▶

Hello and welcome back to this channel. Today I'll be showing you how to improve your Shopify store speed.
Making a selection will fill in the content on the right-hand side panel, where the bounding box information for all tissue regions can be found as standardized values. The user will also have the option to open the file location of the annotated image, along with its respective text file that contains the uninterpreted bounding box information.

◀
▶

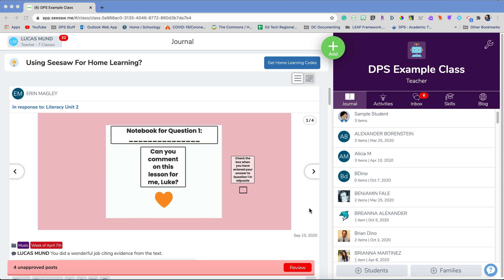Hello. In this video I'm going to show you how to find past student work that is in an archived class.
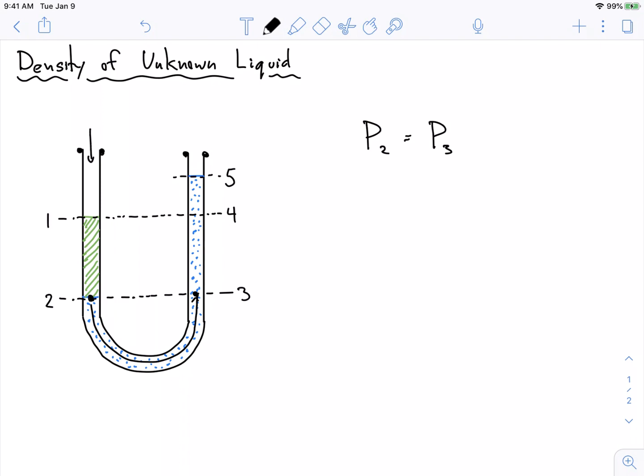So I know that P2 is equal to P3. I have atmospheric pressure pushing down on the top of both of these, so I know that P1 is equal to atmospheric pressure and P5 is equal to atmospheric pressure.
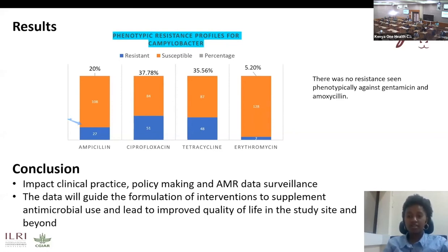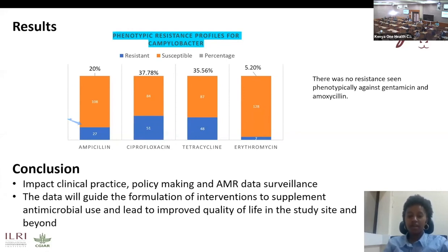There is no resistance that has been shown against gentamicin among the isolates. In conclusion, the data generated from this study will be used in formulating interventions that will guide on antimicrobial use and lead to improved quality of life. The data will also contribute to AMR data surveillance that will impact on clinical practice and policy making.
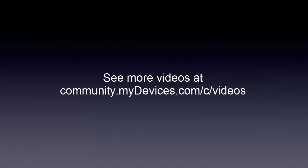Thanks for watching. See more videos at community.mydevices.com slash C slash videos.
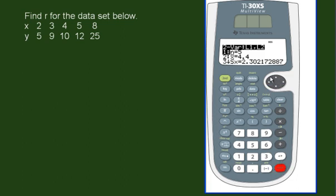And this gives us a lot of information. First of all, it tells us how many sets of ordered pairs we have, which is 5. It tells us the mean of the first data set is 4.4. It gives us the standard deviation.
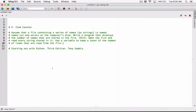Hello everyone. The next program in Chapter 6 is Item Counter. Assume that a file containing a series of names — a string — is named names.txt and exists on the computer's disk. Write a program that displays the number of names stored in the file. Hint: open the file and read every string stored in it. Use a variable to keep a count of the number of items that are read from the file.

◀
▶

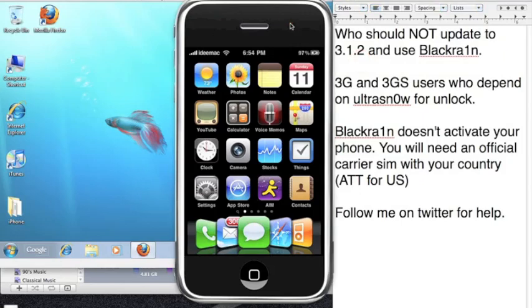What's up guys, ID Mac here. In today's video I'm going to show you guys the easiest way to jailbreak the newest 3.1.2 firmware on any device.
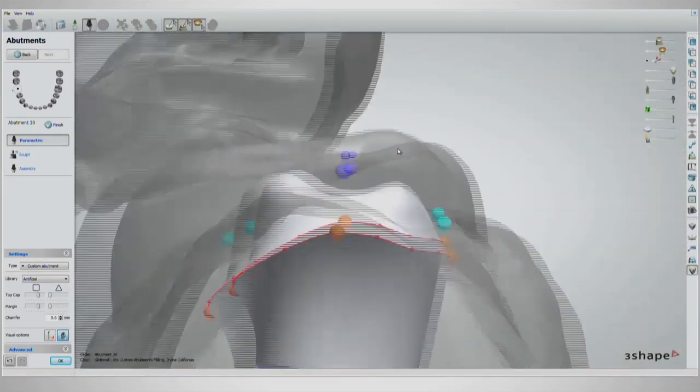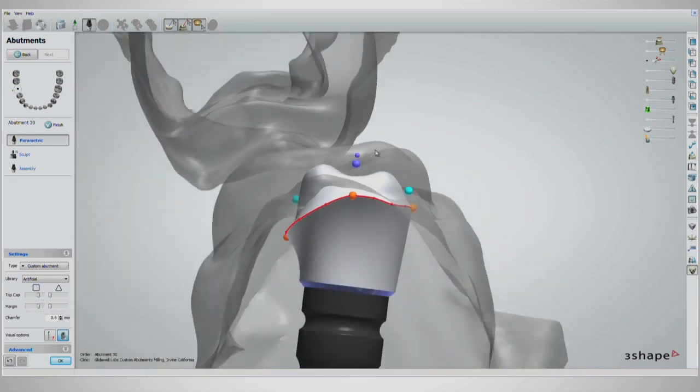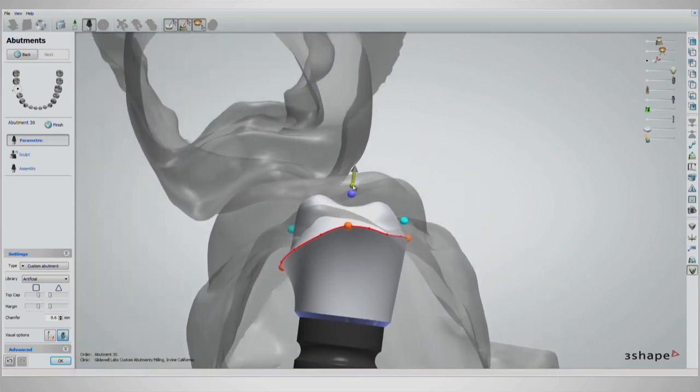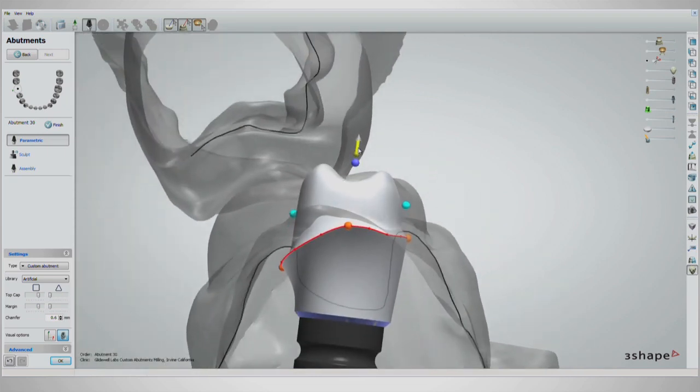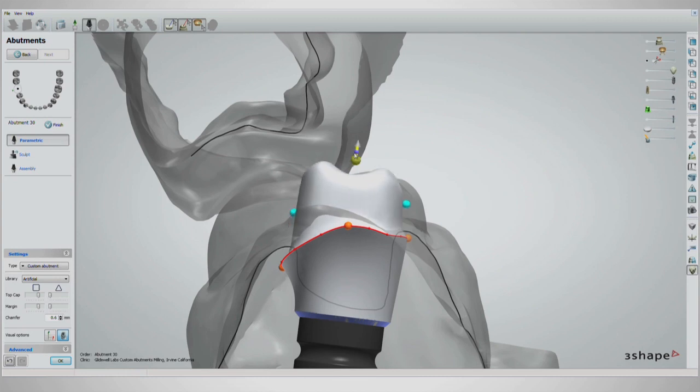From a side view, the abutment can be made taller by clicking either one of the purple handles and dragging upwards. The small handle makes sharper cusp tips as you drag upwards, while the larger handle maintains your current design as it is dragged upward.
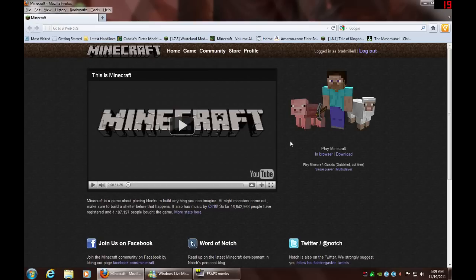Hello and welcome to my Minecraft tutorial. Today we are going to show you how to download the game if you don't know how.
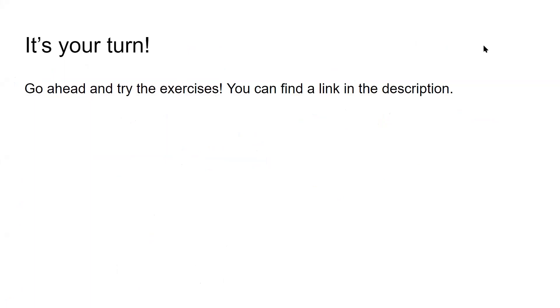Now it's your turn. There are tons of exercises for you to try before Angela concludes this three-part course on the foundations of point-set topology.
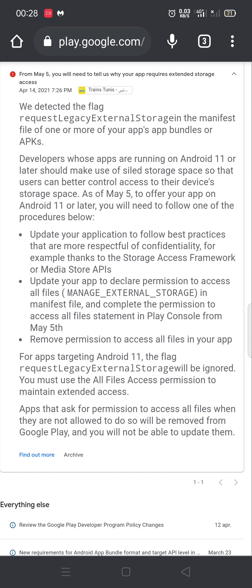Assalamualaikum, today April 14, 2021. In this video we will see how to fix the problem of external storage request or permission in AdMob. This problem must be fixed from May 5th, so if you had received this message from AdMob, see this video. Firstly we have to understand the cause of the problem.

◀

Take the material above from the line containing "So I know that P2" up to and including the line containing "Hello everyone. The" and retype it exactly, without any pictures.

So I know that P2 is equal to P3. I have atmospheric pressure pushing down on the top of both of these, so I know that P1 is equal to atmospheric pressure and P5 is equal to atmospheric pressure.
There is no resistance that has been shown against gentamicin among the isolates. In conclusion, the data generated from this study will be used in formulating interventions that will guide on antimicrobial use and lead to improved quality of life. The data will also contribute to AMR data surveillance that will impact on clinical practice and policy making.
Thanks for watching. See more videos at community.mydevices.com slash C slash videos.
And this gives us a lot of information. First of all, it tells us how many sets of ordered pairs we have, which is 5. It tells us the mean of the first data set is 4.4. It gives us the standard deviation.
Hello everyone. The next program in Chapter 6 is Item Counter. Assume that a file containing a series of names — a string — is named names.txt and exists on the computer's disk. Write a program that displays the number of names stored in the file. Hint: open the file and read every string stored in it. Use a variable to keep a count of the number of items that are read from the file.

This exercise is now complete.